The following questions were raised by Mohan via LS.US.Q.NO.1680 FOR 02.07.2019 –
(a) whether the Government has any data on illegal immigrants residing in the country and in Karnataka;
(b) if so, the details thereof and if not, the reasons therefor;
(c) whether any deportation centre is working in Karnataka and if not, the time by which a deportation centre will be functional in the State;
(d) whether the Government has issued any instructions to the State Governments regarding deportation of illegal immigrants; and
(e) if so, the details thereof?
The MHA submitted, “Detection and deportation of illegal migrants is a continuous and ongoing process.

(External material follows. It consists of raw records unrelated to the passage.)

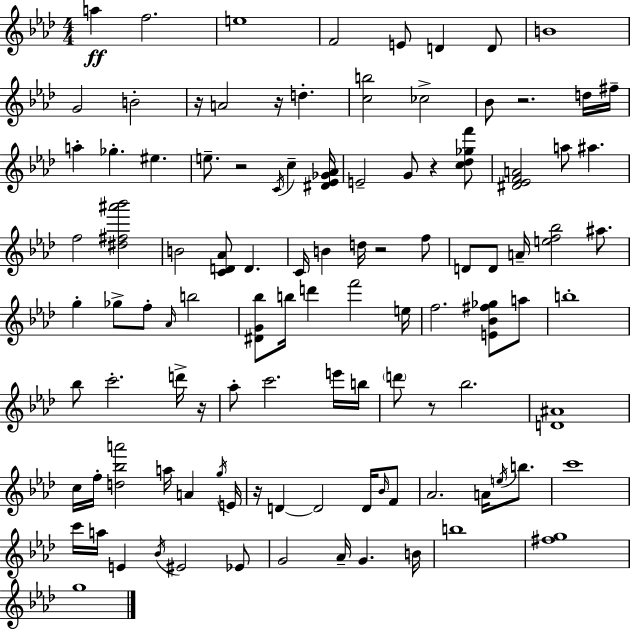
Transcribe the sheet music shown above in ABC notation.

X:1
T:Untitled
M:4/4
L:1/4
K:Ab
a f2 e4 F2 E/2 D D/2 B4 G2 B2 z/4 A2 z/4 d [cb]2 _c2 _B/2 z2 d/4 ^f/4 a _g ^e e/2 z2 C/4 c [^D_E_G_A]/4 E2 G/2 z [c_d_gf']/2 [^D_EFA]2 a/2 ^a f2 [^d^f^a'_b']2 B2 [CD_A]/2 D C/4 B d/4 z2 f/2 D/2 D/2 A/4 [ef_b]2 ^a/2 g _g/2 f/2 _A/4 b2 [^DG_b]/2 b/4 d' f'2 e/4 f2 [E_B^f_g]/2 a/2 b4 _b/2 c'2 d'/4 z/4 _a/2 c'2 e'/4 b/4 d'/2 z/2 _b2 [D^A]4 c/4 f/4 [d_ba']2 a/4 A g/4 E/4 z/4 D D2 D/4 _B/4 F/2 _A2 A/4 e/4 b/2 c'4 c'/4 a/4 E _B/4 ^E2 _E/2 G2 _A/4 G B/4 b4 [^fg]4 g4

Central Government is vested with powers under Section 3(2)(c) of The Foreigners Act, 1946 to deport foreign nationals staying illegally in the country. These powers to deport illegally staying foreign nationals have been entrusted under Article 258 (1) of the Constitution of India to the State Governments. Further, under Article 239 (1) of the Constitution of India, the Administrators of the Union Territories have also been directed to discharge the functions of the Central Government relating to deportation of illegally staying foreign nationals.”
Additionally the MHA submitted, “Instructions have been issued to all State Governments/ UT Administrations including State Government of Karnataka from time to time in 2009, 2012, 2014 and 2018, for setting up detention centres as per requirement to restrict the movements of illegally staying foreign nationals so that they are physically available at all times for expeditious repatriation / deportation.”

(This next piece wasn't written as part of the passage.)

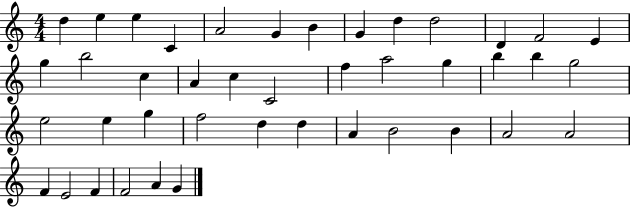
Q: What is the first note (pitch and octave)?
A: D5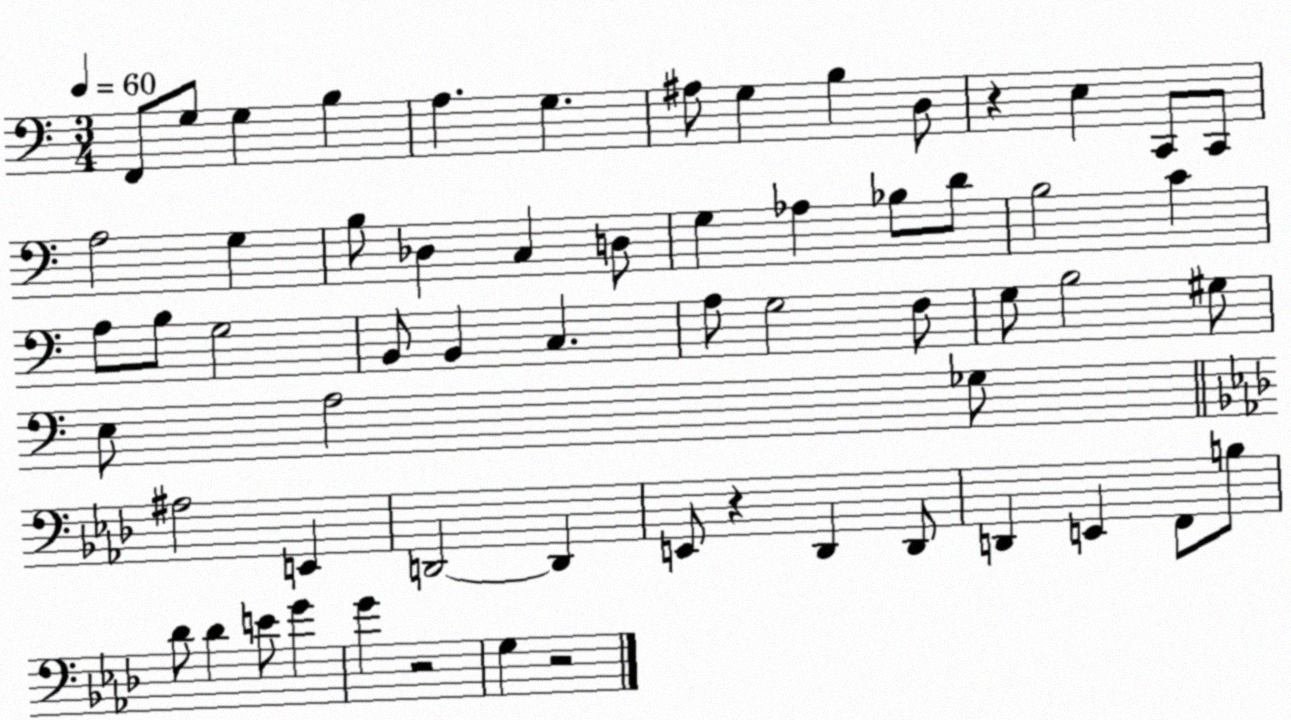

The entire submission may be read here:
Fears of detention and deportation of ‘foreigners’ gained further currency earlier this year when the MHA passed an Extraordinary Order via a gazette on May 30, offering a virtual backdoor to all states (and not just Assam) the right to take action against ‘foreigners’. The MHA order had amended paragraph 2, sub para 1 of the Foreigners (Tribunals) Order, 1964, that originally read as follows:
The Central Government may by order, refer the question as to whether a person is not a foreigner within the meaning of the Foreigners Act, 1946 (31 of 1946) to a Tribunal to be constituted for the purpose, for its opinion.
But the latest amendment says:
for the words “the Central Government may,”, the words “the Central Government or the State Government or the Union territory administration or the District Collector or the District Magistrate may,” shall be substituted.
What this means: Thus, the new amendment grants the power to refer people to multiple regional and local government, bureaucratic and judicial authorities. This widens the base of people who have the power to refer cases to Foreigners’ Tribunals.